Now, let's try what kind of song will be selected by inputting the expected conversational sentence. The final BGM selected was 300 songs that were not used for learning and evaluation, and did not include the words "rock", "pop", and "ballad" in the one-line explanation. The whole picture is as shown in the figure. image.png For the songs to be finally selected, we decided to play the songs with the highest prediction probability in order from the file "output_result.csv" output by NNC (NNC can set different data for the evaluation at the time of learning and the final evaluation. ). Let's select songs in various cases.

** Case 1) ** ** ◆ Conversation: ** Good morning. It's nice weather today. Yeah. It looks like it's sunny all day. ** ◆ One line with high similarity Description: ** Busy and fun pop / rock (audiostock_45838.wav) → Label "Rock"

Whether it's a morning song or not, I was able to choose a song that seems to be energetic, such as "powerful" and "lively"! There seems to be a tendency for metal-style songs that use electric guitars to be selected.

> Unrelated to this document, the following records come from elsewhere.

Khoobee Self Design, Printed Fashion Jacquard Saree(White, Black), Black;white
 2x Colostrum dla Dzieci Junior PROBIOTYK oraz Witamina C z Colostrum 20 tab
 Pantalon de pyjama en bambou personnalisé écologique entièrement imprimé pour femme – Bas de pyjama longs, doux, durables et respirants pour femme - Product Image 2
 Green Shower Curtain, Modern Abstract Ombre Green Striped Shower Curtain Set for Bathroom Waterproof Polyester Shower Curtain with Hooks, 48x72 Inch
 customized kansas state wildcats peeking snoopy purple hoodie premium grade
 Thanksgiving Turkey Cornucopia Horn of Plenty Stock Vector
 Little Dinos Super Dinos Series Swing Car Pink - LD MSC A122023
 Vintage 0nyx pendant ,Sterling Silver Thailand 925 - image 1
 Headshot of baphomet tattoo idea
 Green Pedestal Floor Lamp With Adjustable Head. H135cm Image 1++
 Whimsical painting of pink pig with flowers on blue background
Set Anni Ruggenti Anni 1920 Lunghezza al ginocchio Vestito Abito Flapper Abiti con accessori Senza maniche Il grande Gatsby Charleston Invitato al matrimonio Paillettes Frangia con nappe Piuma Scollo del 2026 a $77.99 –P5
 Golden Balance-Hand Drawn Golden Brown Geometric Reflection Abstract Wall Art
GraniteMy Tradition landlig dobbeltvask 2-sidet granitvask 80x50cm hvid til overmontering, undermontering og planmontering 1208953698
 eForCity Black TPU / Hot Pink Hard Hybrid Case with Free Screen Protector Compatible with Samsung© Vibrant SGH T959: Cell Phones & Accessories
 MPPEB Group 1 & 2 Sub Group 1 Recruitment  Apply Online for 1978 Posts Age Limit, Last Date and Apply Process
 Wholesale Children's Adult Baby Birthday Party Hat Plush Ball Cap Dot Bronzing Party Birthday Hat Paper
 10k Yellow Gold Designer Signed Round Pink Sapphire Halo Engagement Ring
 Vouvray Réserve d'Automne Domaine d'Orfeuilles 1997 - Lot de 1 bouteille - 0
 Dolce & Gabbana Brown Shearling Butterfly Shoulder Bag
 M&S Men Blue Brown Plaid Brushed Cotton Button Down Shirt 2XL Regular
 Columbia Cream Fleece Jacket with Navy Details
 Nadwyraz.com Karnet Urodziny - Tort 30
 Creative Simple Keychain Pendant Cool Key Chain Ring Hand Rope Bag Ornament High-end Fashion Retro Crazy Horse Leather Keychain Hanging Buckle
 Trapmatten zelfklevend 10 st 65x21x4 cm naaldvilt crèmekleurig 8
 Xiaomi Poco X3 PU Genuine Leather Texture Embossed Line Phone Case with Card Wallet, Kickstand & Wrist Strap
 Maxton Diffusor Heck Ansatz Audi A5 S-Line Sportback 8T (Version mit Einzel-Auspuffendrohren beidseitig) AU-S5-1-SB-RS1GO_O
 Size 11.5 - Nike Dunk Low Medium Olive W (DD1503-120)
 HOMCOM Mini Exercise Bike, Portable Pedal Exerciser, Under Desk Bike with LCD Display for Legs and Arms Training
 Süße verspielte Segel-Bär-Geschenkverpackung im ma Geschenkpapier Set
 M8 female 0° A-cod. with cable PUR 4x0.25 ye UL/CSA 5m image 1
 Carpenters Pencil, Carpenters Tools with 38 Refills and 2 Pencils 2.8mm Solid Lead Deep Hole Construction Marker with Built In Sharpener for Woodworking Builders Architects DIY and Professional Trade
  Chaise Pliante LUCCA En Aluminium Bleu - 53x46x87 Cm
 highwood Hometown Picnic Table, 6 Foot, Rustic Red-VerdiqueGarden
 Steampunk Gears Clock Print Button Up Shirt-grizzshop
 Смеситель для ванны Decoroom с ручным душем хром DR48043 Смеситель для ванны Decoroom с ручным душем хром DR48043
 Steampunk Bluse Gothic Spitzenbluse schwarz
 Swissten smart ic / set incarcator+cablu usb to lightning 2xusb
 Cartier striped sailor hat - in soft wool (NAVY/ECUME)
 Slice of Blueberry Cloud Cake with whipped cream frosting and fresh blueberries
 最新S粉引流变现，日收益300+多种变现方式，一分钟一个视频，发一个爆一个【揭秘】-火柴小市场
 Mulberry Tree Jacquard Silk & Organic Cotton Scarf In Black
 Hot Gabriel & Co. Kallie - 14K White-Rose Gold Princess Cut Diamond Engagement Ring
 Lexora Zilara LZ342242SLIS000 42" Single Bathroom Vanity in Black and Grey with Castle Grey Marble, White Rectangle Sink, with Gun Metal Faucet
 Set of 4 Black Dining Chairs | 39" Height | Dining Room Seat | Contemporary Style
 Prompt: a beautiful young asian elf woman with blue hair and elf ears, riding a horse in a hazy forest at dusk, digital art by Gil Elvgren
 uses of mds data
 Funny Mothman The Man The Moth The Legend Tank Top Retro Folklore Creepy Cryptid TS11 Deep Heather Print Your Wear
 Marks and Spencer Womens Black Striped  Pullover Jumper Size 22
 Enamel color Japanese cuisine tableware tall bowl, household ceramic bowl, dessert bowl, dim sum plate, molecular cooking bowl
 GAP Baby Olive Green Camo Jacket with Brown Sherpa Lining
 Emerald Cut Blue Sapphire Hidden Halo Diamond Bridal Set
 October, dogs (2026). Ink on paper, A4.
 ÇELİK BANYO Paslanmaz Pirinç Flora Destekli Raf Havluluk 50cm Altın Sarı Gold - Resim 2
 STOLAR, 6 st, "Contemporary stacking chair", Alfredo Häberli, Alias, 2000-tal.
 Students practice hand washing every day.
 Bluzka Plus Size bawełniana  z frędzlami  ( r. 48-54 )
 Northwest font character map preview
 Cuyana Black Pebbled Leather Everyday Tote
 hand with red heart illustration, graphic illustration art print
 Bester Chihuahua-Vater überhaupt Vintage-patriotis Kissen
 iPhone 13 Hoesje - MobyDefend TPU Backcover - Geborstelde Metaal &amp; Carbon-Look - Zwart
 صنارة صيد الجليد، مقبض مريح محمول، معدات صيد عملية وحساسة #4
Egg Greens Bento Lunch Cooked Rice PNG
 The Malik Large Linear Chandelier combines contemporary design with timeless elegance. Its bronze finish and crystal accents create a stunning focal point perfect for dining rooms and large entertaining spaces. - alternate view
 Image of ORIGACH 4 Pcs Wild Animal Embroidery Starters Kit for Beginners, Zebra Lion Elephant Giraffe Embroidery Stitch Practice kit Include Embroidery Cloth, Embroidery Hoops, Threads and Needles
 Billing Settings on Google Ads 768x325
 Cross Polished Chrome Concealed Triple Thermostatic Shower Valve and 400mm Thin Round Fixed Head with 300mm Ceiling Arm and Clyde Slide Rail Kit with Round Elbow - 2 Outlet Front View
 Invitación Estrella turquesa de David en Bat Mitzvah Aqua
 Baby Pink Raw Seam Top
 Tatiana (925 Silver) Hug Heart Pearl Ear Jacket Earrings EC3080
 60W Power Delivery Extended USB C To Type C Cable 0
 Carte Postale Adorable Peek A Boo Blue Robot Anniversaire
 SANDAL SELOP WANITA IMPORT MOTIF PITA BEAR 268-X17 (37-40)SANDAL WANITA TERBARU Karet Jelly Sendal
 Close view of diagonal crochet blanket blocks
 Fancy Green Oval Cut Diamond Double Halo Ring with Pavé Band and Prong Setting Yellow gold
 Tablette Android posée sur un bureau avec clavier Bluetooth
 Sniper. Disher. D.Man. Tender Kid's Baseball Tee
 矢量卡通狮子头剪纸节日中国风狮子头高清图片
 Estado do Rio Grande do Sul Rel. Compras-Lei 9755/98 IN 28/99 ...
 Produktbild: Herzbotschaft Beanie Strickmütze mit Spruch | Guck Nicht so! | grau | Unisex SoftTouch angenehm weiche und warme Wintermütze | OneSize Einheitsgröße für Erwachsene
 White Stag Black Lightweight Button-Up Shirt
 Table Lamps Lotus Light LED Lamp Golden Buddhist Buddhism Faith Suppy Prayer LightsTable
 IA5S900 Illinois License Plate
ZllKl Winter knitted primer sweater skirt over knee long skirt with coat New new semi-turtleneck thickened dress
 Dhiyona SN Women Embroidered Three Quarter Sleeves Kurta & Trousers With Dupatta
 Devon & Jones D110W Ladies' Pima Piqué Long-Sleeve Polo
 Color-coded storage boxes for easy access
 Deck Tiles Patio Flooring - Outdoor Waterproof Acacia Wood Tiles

*** Case 2) *** ** ◆ Conversation: ** We plan to camp in Yamanashi on weekends. You can spend a quiet time by the lake for the first time in a while. It's getting cooler, so be careful. ** ◆ One line with high similarity Description: ** Pop (audiostock_45997.wav) that suddenly misses the love of parents on a distant day → Label "Pop" ** ◆ Song selection result: ** ・ Audiostock_45254 Pure Japanese music with a ghostly story that freezes your spine ・ Audiostock_44771 BGM of horror document touch ・ Audiostock_46760 Travel information Nostalgic melancholy lonely twilight ・ Audiostock_46657 Refreshing desired drive Light forward ・ Audiostock_44331 Heartwarming music from the tropical Caribbean

The 1st and 2nd songs are obviously bad selection results (ghost story ...), but the 4th and 5th songs are pop BGMs that are perfect for traveling. Also, the explanation of the third song has a sad atmosphere, but it was a BGM with "pop" in the tag, and when I actually listened to it, it was not that dark. From this, it can be said that there is a tendency to automatically select pop songs.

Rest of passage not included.